ACLU Defends Rights of Innocent People Named as Terrorists t
October 9, 2010
FOR IMMEDIATE RELEASE
October 9, 2008
CONTACT: Meredith Curtis, ACLU of Maryland, 410-889-8555; firstname.lastname@example.org
BALTIMORE - Alarmed that 53 innocent people who were wrongful targets of Maryland State Police (MSP) spying are getting letters this week from the MSP saying that they have been mistakenly listed as terrorists in a government database but that they cannot make copies of their files or bring their lawyer with them to review their files, the American Civil Liberties Union of Maryland today is urging Governor Martin O'Malley to reverse this wrong-headed and unlawful policy. The law entitles individuals to a copy of their files and to have a lawyer accompany them to review the files.

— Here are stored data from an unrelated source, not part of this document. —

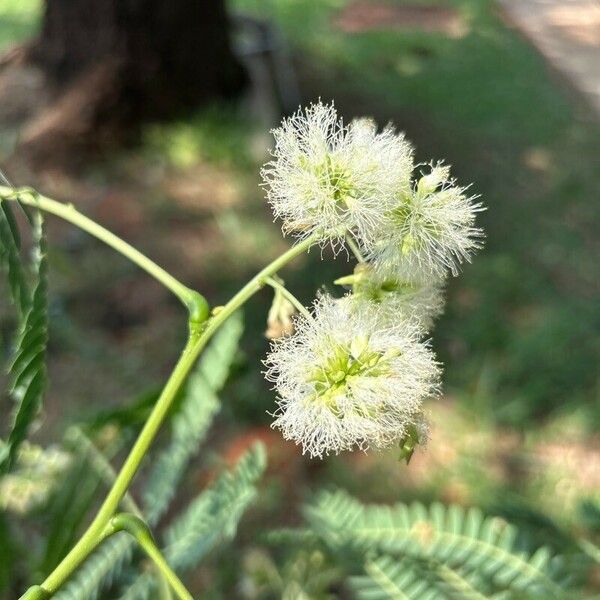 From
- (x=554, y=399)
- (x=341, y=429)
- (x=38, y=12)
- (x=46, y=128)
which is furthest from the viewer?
(x=38, y=12)

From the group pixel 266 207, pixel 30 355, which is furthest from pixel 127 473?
pixel 266 207

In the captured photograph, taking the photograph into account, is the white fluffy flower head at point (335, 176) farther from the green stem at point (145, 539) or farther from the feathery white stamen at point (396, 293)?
the green stem at point (145, 539)

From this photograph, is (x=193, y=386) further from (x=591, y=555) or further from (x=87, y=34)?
(x=87, y=34)

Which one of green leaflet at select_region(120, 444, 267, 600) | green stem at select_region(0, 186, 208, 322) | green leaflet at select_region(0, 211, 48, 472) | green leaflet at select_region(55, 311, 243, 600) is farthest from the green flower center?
green leaflet at select_region(55, 311, 243, 600)

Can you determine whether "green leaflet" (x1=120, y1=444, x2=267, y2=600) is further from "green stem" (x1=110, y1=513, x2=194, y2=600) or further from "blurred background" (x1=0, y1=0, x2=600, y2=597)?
"green stem" (x1=110, y1=513, x2=194, y2=600)

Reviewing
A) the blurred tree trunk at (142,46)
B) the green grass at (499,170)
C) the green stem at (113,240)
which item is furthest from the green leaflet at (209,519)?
the blurred tree trunk at (142,46)

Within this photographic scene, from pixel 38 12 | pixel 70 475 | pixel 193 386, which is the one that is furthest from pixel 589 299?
pixel 38 12

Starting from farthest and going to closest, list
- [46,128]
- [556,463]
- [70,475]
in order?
[46,128], [556,463], [70,475] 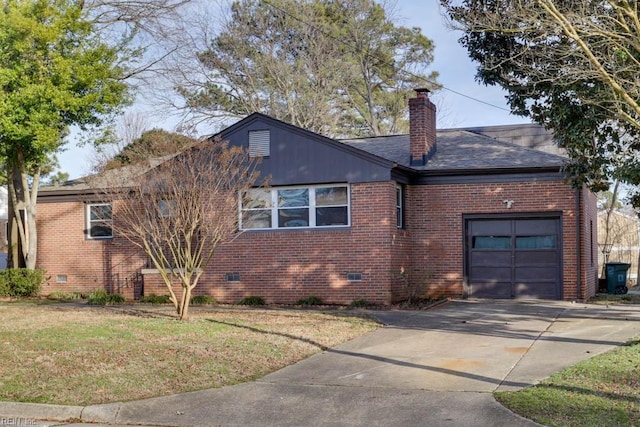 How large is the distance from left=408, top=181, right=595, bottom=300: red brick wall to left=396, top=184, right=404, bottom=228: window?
15.1 inches

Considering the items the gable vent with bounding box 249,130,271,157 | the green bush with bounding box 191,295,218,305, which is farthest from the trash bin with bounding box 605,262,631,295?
the green bush with bounding box 191,295,218,305

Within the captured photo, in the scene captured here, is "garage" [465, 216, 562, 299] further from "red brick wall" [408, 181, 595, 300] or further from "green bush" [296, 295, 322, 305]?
"green bush" [296, 295, 322, 305]

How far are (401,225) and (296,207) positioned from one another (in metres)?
2.94

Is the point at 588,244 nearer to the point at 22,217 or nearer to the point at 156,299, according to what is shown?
the point at 156,299

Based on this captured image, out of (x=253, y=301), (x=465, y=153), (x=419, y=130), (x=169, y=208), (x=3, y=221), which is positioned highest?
(x=419, y=130)

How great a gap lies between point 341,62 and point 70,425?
31.3 m

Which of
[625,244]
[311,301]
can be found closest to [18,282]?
[311,301]

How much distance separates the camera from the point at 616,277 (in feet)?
75.7

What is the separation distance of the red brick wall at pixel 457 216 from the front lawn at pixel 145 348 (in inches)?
177

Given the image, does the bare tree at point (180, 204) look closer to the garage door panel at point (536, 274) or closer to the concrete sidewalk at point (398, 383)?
the concrete sidewalk at point (398, 383)

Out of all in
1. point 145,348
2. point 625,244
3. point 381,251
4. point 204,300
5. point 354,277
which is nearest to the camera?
point 145,348

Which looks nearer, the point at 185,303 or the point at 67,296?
the point at 185,303

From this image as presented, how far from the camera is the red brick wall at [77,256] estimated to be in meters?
21.8

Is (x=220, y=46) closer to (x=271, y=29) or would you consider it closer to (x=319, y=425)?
(x=271, y=29) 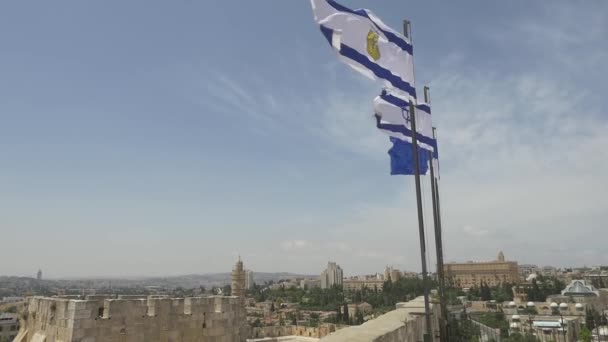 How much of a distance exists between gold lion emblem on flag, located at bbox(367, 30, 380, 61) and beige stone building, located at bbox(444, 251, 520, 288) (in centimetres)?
12539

"This is not the way for the Maryland State Police to demonstrate that they ‘get it' about the unconscionable spying on peaceful political activists that has taken place," said David Rocah, Staff Attorney for the ACLU of Maryland. "Innocent people are getting letters saying that they've been listed as terrorists in a government database, and they are understandably scared. This shouldn't all just disappear into the ether with the click of a delete button."
In the immediate aftermath of MSP's revelation of the "terrorist" listings on Tuesday at a special hearing of the State Senate Judicial Proceedings Committee into the agency's improper spying on peaceful political activists, the Maryland ACLU has heard from more than a dozen people who have received letters, seeking legal counsel. The letters inform the recipients that they were wrongly listed as terrorists in a government database and invite them to make an appointment to review their file.
Rocah continued: "After wrongfully spying on them, infiltrating their organizations, and listing them as terrorists, it would be foolhardy for the activists to be expected to take it on faith that the State Police will forever and everywhere purge their records. The State Police's policy of not allowing innocent people swept up in this un-American surveillance dragnet to make copies of their files or bring a lawyer with them to review their files is simply unacceptable."
Americans are legally and morally entitled to these government files wrongfully being kept on them, and the police do not get to dictate who is allowed to have a lawyer or who that lawyer is. In addition, there are many reasons why individuals would want a lawyer in such circumstances:
- To help make sure all the information is gathered;
- Because one is understandably afraid of MSP after being improperly labeled a terrorist;
- Because copies of the files should be retained, in case there are future consequences that negatively affect one's life and opportunities;
- Because one wants to be able to document MSP misdeeds, and hold the agency accountable.